Please be sure to add alt text to images for sight-impaired users. Image filenames should make reference to the language used to make them, i.e. python_scatterplot.png.

Data

Ideally, the same data set will be uploaded to LOST directly in a format accessible by many languages (like CSV) in the Data/name-of-your-page/ subfolder of whatever directory you’re working in, and then that data can be used for implementation in all languages on the page. This is not required, but is encouraged.

FREQUENTLY ASKED QUESTIONS

  • What techniques are important enough to be their own page? This is a little subjective, but if you’re writing about X, which is a minor option/variant of Y, then you can just include it on the Y page. If X is a different technique or a variant of Y that is used in different circumstances or produces meaningfully different output, then give X its own page.
  • How should I title my page? Pick a single, concise description of the technique you’re talking about. If there are multiple ways to refer to the technique you’re doing, pick one. You will also need to select a file name, which should be in lower_case_with_underscores.md and you might want to make a bit shorter. So Ordinary Least Squares (Linear Regression) might be the title and H1 heading, and ordinary_least_squares.md might be the file name.
  • What languages can I include in Implementations? Any language is valid as long as it’s something people actually do statistical analysis in. Don’t include something just because you can (I mean, you can technically do OLS in assembly but is that useful for anyone?), but because you think someone will find it useful.

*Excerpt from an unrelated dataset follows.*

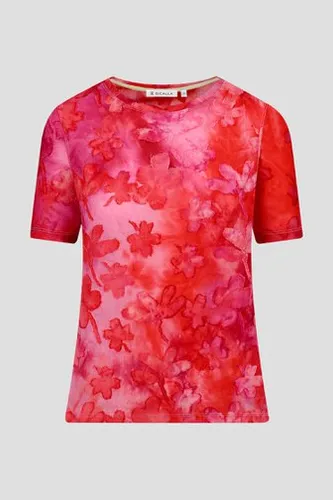 Bicalla T-shirt met opliggend bloemenpatroon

  • Should I include the output of my code? For data visualization, yes! Just keep the images relatively small so they don’t crowd the page. See the Implementations section above for how to add images. If your output is not visual, there’s probably no need to include output unless you think that it is especially important for some technique.

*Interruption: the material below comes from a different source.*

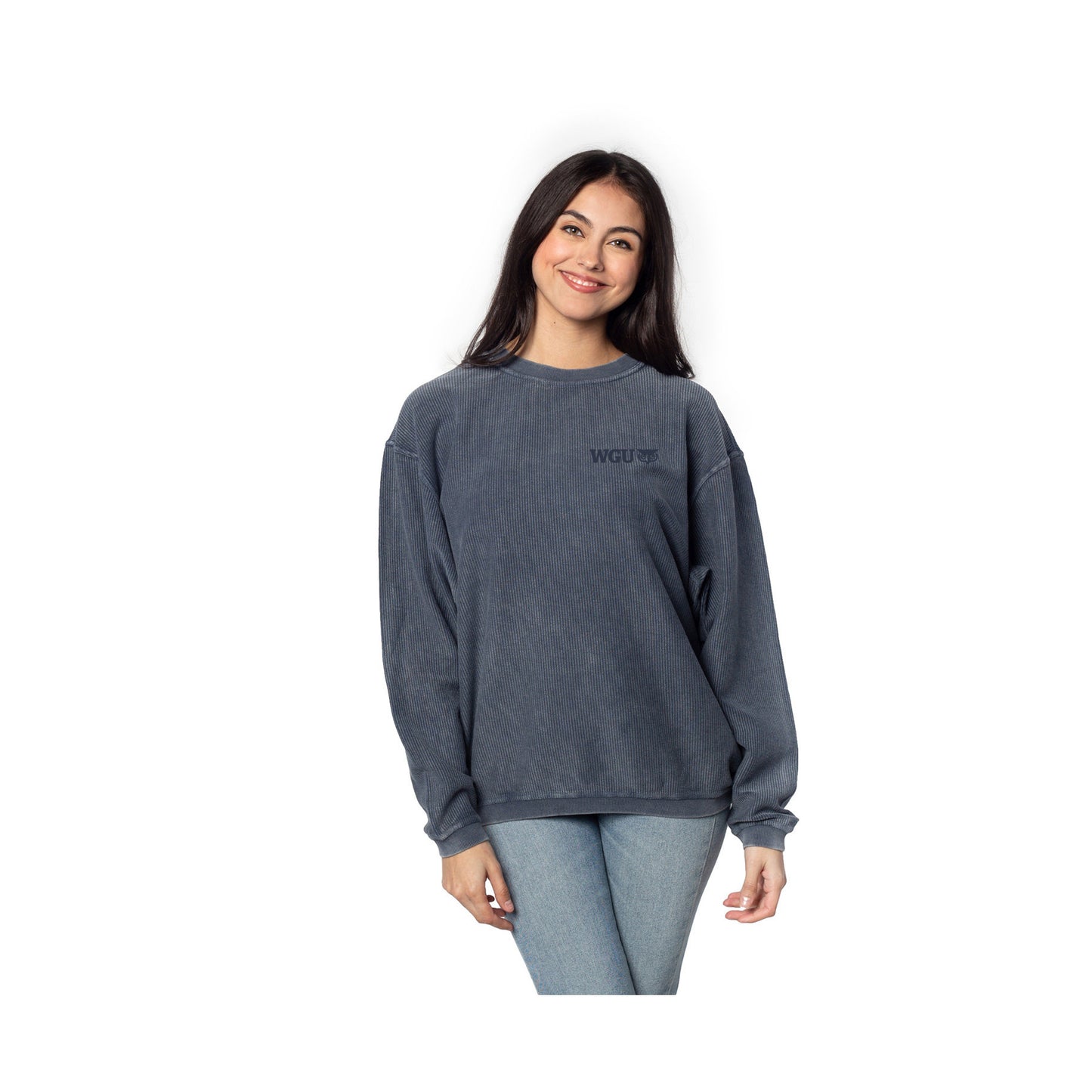 Womens Corded Crew Sweatshirt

  • How can I discuss what I’m doing with other contributors? Head to the Issues page and find (or post) a thread with the title of the page you’re talking about.

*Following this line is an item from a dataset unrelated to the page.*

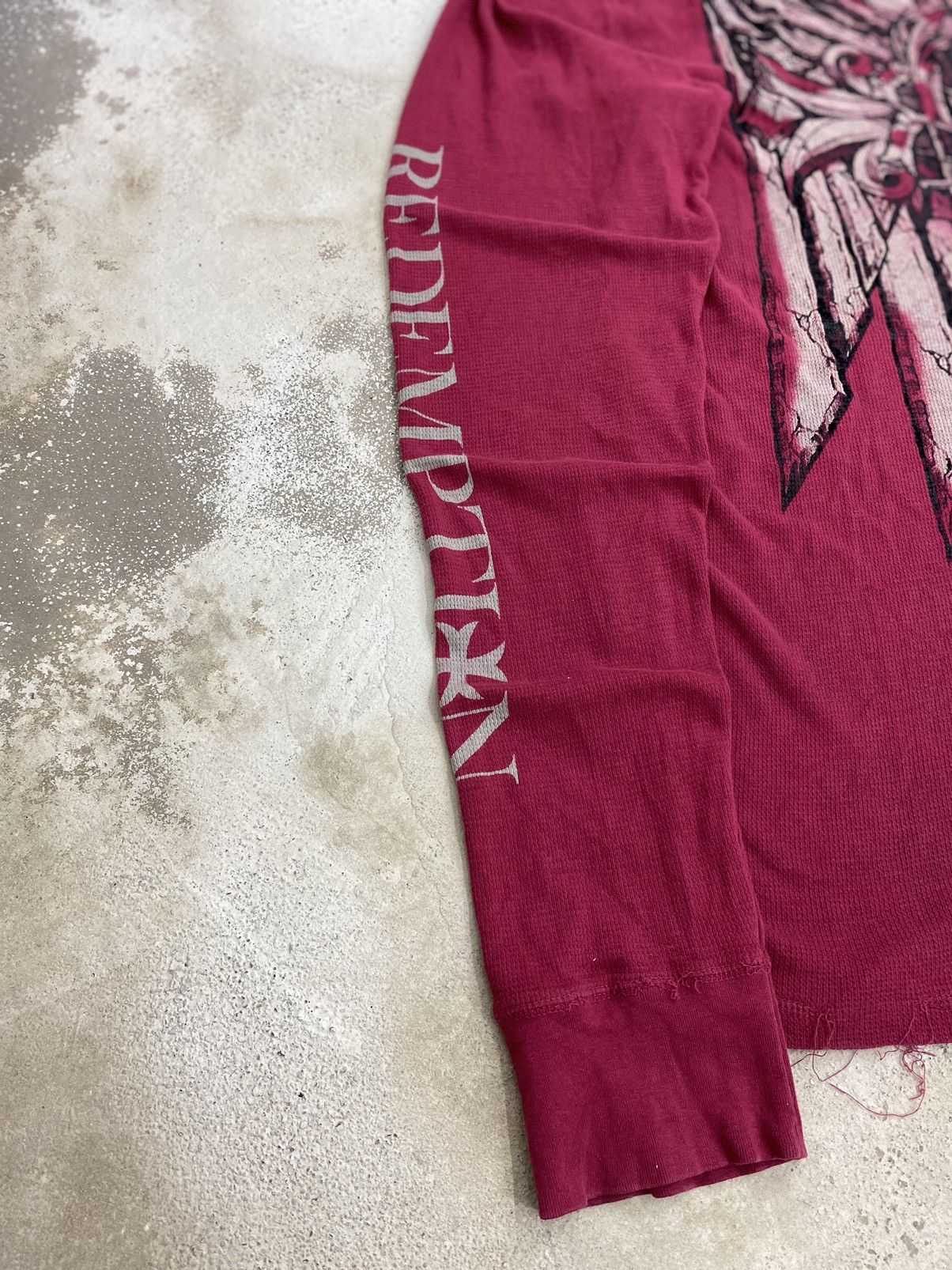 Hysteric Glamour Crazy Y2k Raw State Affliction Cross Long Sleeve Distressed Size US XL / EU 56 / 4 - 9 Thumbnail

  • How can I [add an image/link to another LOST page/add an external link/bold text] in the LOST wiki? See the Markdown section above.
  • I want to contribute but I do not like all the rules and structure on this page. I don’t even want my FAQ entry to be a question. Just let me write what I want. If you have valuable knowledge about statistical techniques to share with people and are able to explain things clearly, I don’t want to stop you. So go for it. Maybe post something in Issues when you’re done and perhaps someone else will help make your page more consistent with the rest of the Wiki. I mean, it would be nicer if you did that yourself, but hey, we all have different strengths, right?